Poster
in
Workshop: Gamification and Multiagent Solutions
Global Convergence of Multi-Agent Policy Gradient in Markov Potential Games
Stefanos Leonardos · Will Overman · Ioannis Panageas · Georgios Piliouras
Potential games are one of the most important and widely studied classes of normal-form games. They define the archetypal setting of multi-agent coordination in which all agents utilities are perfectly aligned via a common potential function. Can we embed this intuitive framework in the setting of Markov games? What are the similarities and differences between multi-agent coordination with and without state dependence? To answer these questions, we study a natural class of Markov Potential Games (MPGs) that generalizes prior attempts to capture complex stateful multi-agent coordination. Counter-intuitively, insights from normal-form potential games do not carry over since MPGs involve Markov games with zero-sum state-games, but Markov games in which all state-games are potential games are not necessarily MPGs.

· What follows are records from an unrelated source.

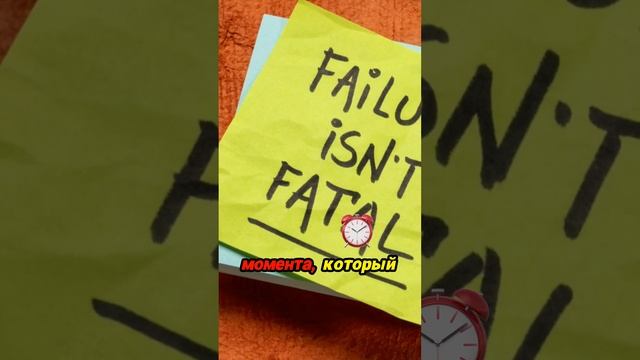 Неудача – шаг к успеху: учимся на своих ошибках!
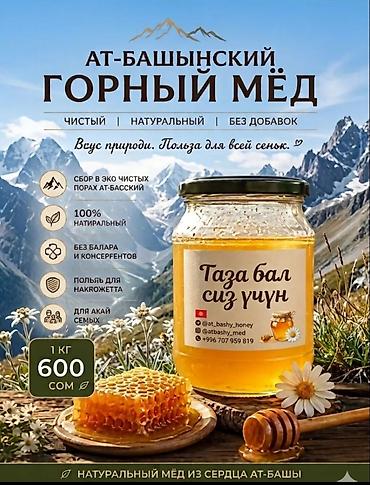 аршан кой: Ат-Башинский горный мёд - Чистый, натуральный, без добавок - Сбор в — 1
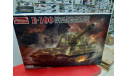 35A015 Тяжелый танк E-100 German Super Heavy Tank 1:35 Amusing возможен обмен, сборные модели бронетехники, танков, бтт, Porsche, scale35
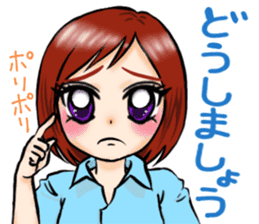 japanesewomam sticker sticker #7020473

Nevertheless, MPGs showcase standard desirable properties such as the existence of deterministic Nash policies. In our main result, we prove convergence of independent policy gradient and its stochastic counterpart to Nash policies at a rate that is polynomial in the approximation error by adapting single-agent gradient domination properties to multi-agent settings. This answers questions on the convergence of finite-sample, independent policy gradient methods beyond settings of pure conflicting or pure common interests.